Canada extending military mission in Latvia to ‘deter’ Russia, Carney says
Global News
Carney's office says there are now 2,000 Canadian Armed Forces troops in Latvia as part of Operation Reassurance, which is Canada’s largest overseas mission.
Prime Minister Mark Carney has announced that Canada will keep troops in Latvia through to 2029, as part of a mission to deter Russian aggression in Europe that has given Ottawa an outsized role in the transatlantic alliance.
“We must deter and fortify. And that is the way that we can provide true reassurance,” Carney said at a Tuesday news conference in Riga, flanked by Latvian Prime Minister Evika Silina.
Carney’s office says there are now 2,000 Canadian Armed Forces troops in Latvia as part of Operation Reassurance, which is Canada’s largest overseas mission. Canadian troops have been there since 2017 to strengthen the defence of Europe’s eastern flank and to deter Russian from invading Baltic countries, through what many call a “trip wire.”
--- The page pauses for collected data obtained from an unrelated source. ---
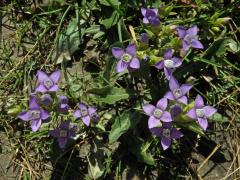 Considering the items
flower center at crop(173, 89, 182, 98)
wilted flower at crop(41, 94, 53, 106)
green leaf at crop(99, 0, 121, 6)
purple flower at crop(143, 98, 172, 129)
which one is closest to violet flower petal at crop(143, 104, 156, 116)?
purple flower at crop(143, 98, 172, 129)

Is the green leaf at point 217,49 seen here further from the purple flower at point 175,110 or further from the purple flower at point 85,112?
the purple flower at point 85,112

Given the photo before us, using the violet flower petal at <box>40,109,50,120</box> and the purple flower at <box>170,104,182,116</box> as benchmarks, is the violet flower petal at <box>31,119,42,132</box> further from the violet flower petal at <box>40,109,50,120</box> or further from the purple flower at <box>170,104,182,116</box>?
the purple flower at <box>170,104,182,116</box>

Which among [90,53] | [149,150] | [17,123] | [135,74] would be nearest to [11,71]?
[17,123]

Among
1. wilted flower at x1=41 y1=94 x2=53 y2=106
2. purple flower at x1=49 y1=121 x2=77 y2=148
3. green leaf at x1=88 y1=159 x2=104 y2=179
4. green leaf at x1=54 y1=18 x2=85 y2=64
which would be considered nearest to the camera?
wilted flower at x1=41 y1=94 x2=53 y2=106

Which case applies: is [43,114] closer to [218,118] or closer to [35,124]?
[35,124]

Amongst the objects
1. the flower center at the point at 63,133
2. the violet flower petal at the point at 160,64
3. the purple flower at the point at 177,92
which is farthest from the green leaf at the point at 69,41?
the purple flower at the point at 177,92

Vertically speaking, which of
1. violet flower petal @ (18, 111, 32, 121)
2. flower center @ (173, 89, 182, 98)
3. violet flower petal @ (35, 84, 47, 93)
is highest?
violet flower petal @ (35, 84, 47, 93) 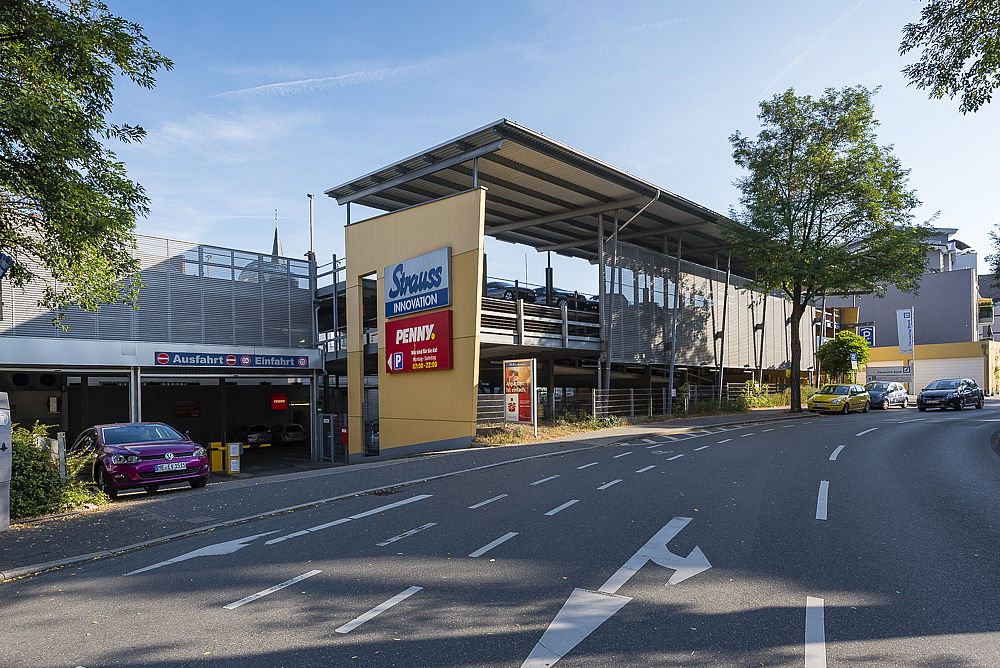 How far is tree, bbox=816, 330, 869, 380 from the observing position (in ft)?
140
The current authority for the mission ends in March 2026, but Carney says he plans to extend that by another three years.
“We will in the process increase the brigade’s capabilities here in Latvia, reinforce our collective defence, strengthen our co-operative security, and keep the NATO presence strong,” Carney said.
Canada is co-ordinating the role of soldiers from roughly 10 countries in Latvia, to shore up the country’s defences and to train Latvian soldiers, according to Carleton University professor Stephen Saideman.
“We’re punching above our weight,” he said in an interview. “We’re basically being treated by the rest of NATO as equal to the U.K. and Germany,” who are co-ordinating similar multinational brigades in Estonia and Lithuania respectively.
Ottawa aims to have a full cadre of 2,200 persistently deployed Canadian troops in Latvia sometime in 2026, and has been building new infrastructure at the Adazi base near Riga in the past two years to make up for overcrowding.